Either: I'm such a passive person that I inherently cannot become angry and resentful towards anything much at all, much less abstract concepts such as culture.

Or: I'm so flamboyantly post-modern that I cannot manifest culture shock as anger towards another culture, and this "Shock" must therefore surface as something that could not be interpreted as "culture-ism".

I therefore put the following question to you: what the hell is going on?

Friday, October 3, 2008

How to Finish a Post, a Full Month After Starting it.

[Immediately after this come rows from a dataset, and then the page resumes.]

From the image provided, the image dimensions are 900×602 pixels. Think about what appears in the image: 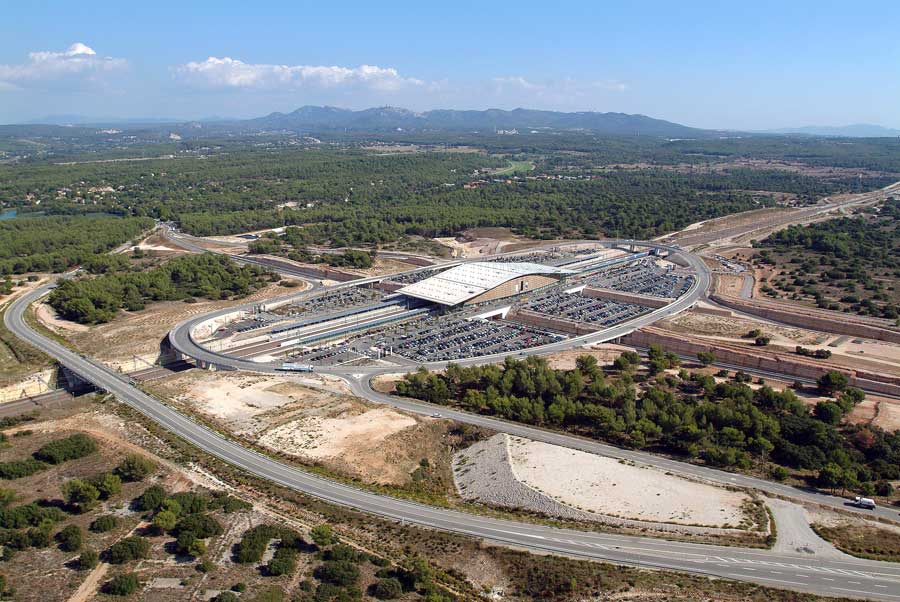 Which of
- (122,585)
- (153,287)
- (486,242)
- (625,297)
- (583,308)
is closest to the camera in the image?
(122,585)

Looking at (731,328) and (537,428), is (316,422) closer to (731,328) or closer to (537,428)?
(537,428)

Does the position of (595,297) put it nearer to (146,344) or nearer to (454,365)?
(454,365)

Pacific Peso Adventure is finished. At last. If you read the final instalment, you may be able to guess why it took so long for me to write.

Do Enjoy.

Thursday, October 2, 2008

How to not Buy a Mobile Phone in Moscow

I can't buy a mobile phone in Moscow. This is not to say that I can't figure out where to go, or what brand of phone I want to buy, or how to enact a basic customer-retailer interaction. This is to say that I am not allowed to buy a mobile phone in Moscow. Such is the difference between the epistemic and the deontic use if the word can't. I'm not sure what the problem is, exactly, although I think it may have something to do with, either, my interim visa, or my non-Russian passport, but at any rate, I will not be eligible for cell-phone ownership for at least another week, and probably longer; and yet, nobody seems to be able to tell me precisely what it is that makes cellular technology comparable to a firearm.